_Web page caption snippets_.
——————————

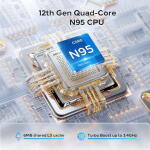 OTVOC 16" Laptop, Intel N95, 16GB DDR5 RAM, 1TB NVMe SSD, Windows 11, Gray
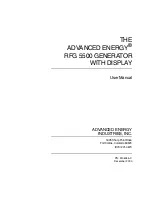 Preview for 2 page of Advanced Energy RFG 5500 User Manual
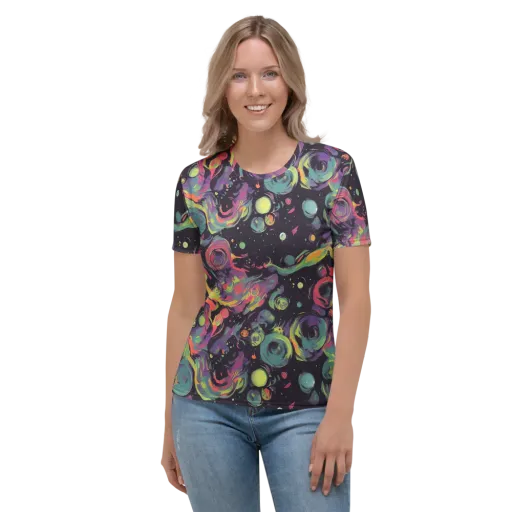 Psychedelic Drift on a Women's Crew Neck T-Shirt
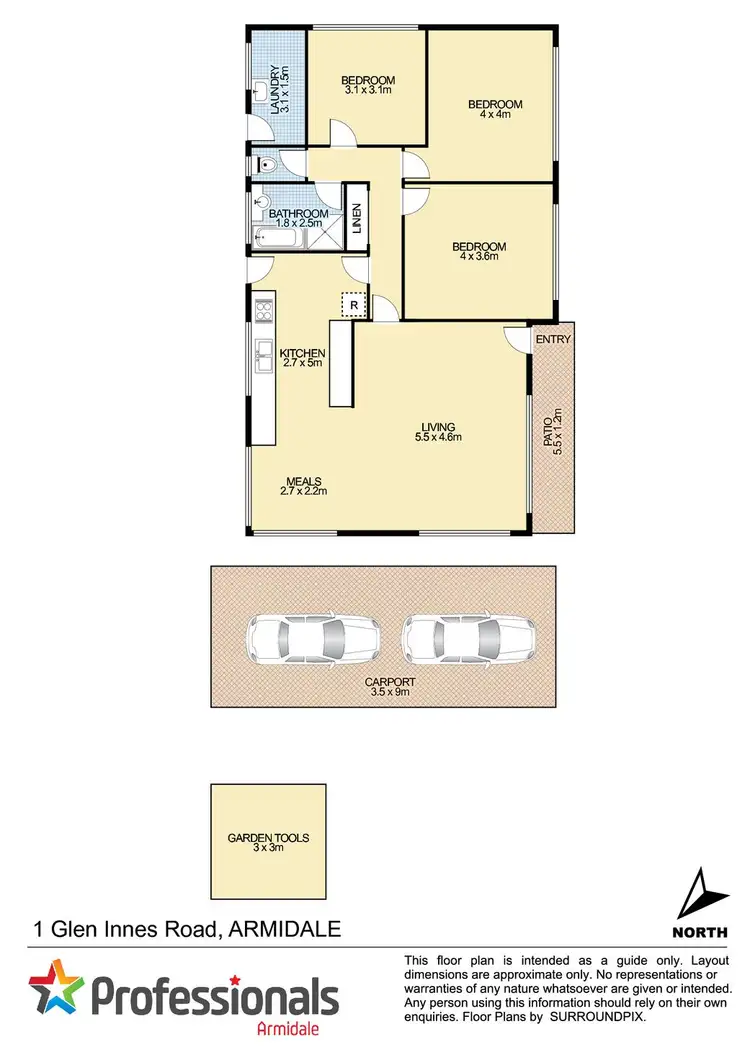 Floorplan of Homely house listing, 1 Glen Innes Road, Armidale NSW 2350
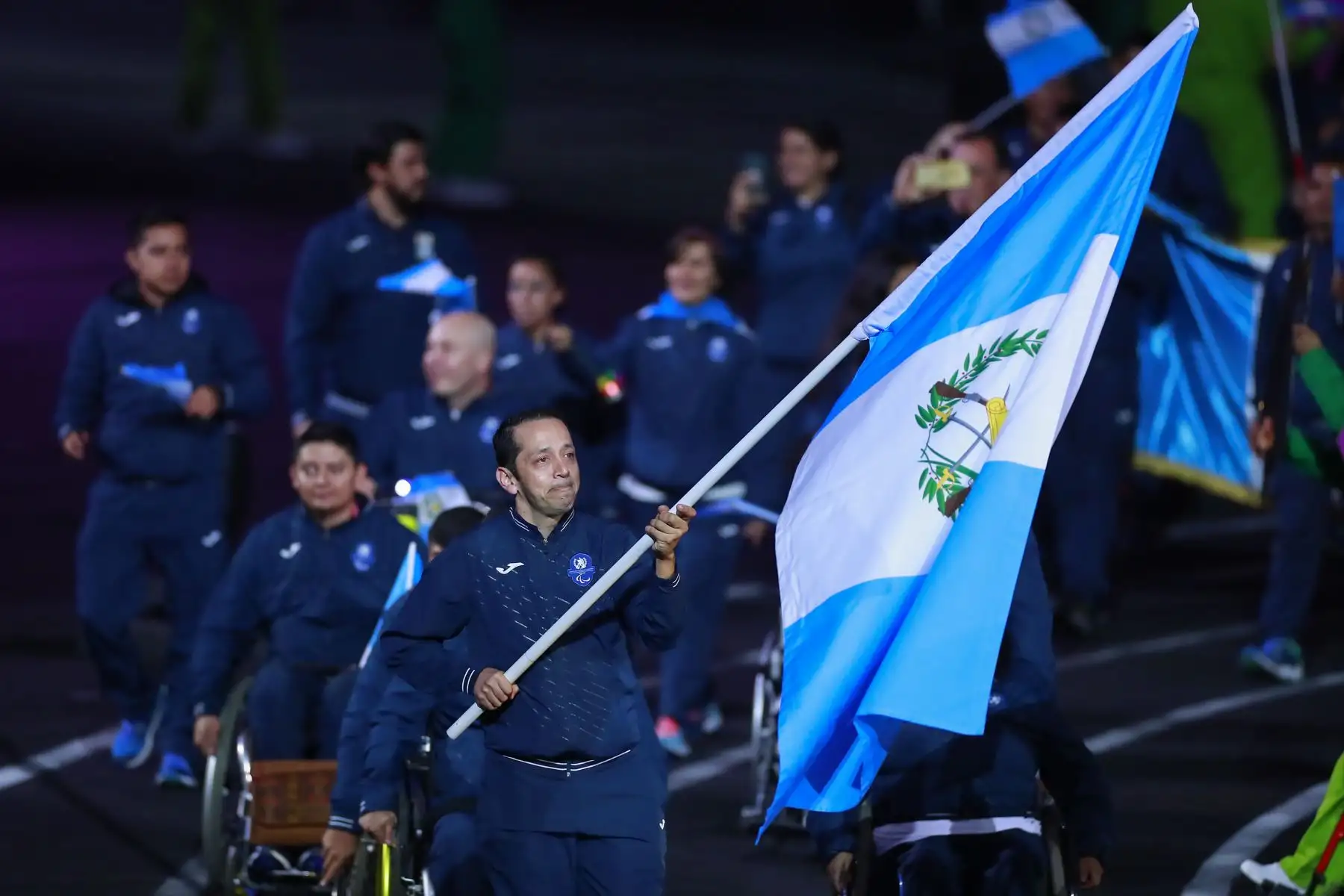 Desfile de las delegaciones de paradeportistas de las Américas hicieron su paso por el escenario principal. En total, 1,800 atletas de 30 países competirán en 17 paradeportes. Foto: ANDINA/ LIMA 2019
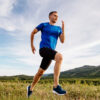 Sporty man runner running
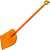 черенок алюминиевый к лопате рыжик (оранжевый, с v-ручкой)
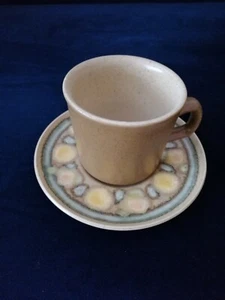 Vintage Franciscan Reflections Pottery Cup And Saucer 1970s - Picture 1 of 7
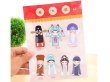 25Sheet x 7Pcs Beijing Opera Mask Bookmark Magazine Note Pad (image for) 25Sheet x 7Pcs Beijing Opera Mask Bookmark Magazine Note Pad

——————————

_WHAT THE TASK ASKS_.
From the entries above, output every line exactly and omit any image.

_EXERCISE ANSWER_.
 OTVOC 16" Laptop, Intel N95, 16GB DDR5 RAM, 1TB NVMe SSD, Windows 11, Gray
 Preview for 2 page of Advanced Energy RFG 5500 User Manual
 Psychedelic Drift on a Women's Crew Neck T-Shirt
 Floorplan of Homely house listing, 1 Glen Innes Road, Armidale NSW 2350
 Desfile de las delegaciones de paradeportistas de las Américas hicieron su paso por el escenario principal. En total, 1,800 atletas de 30 países competirán en 17 paradeportes. Foto: ANDINA/ LIMA 2019
 Sporty man runner running
 черенок алюминиевый к лопате рыжик (оранжевый, с v-ручкой)
 Vintage Franciscan Reflections Pottery Cup And Saucer 1970s - Picture 1 of 7
 25Sheet x 7Pcs Beijing Opera Mask Bookmark Magazine Note Pad (image for) 25Sheet x 7Pcs Beijing Opera Mask Bookmark Magazine Note Pad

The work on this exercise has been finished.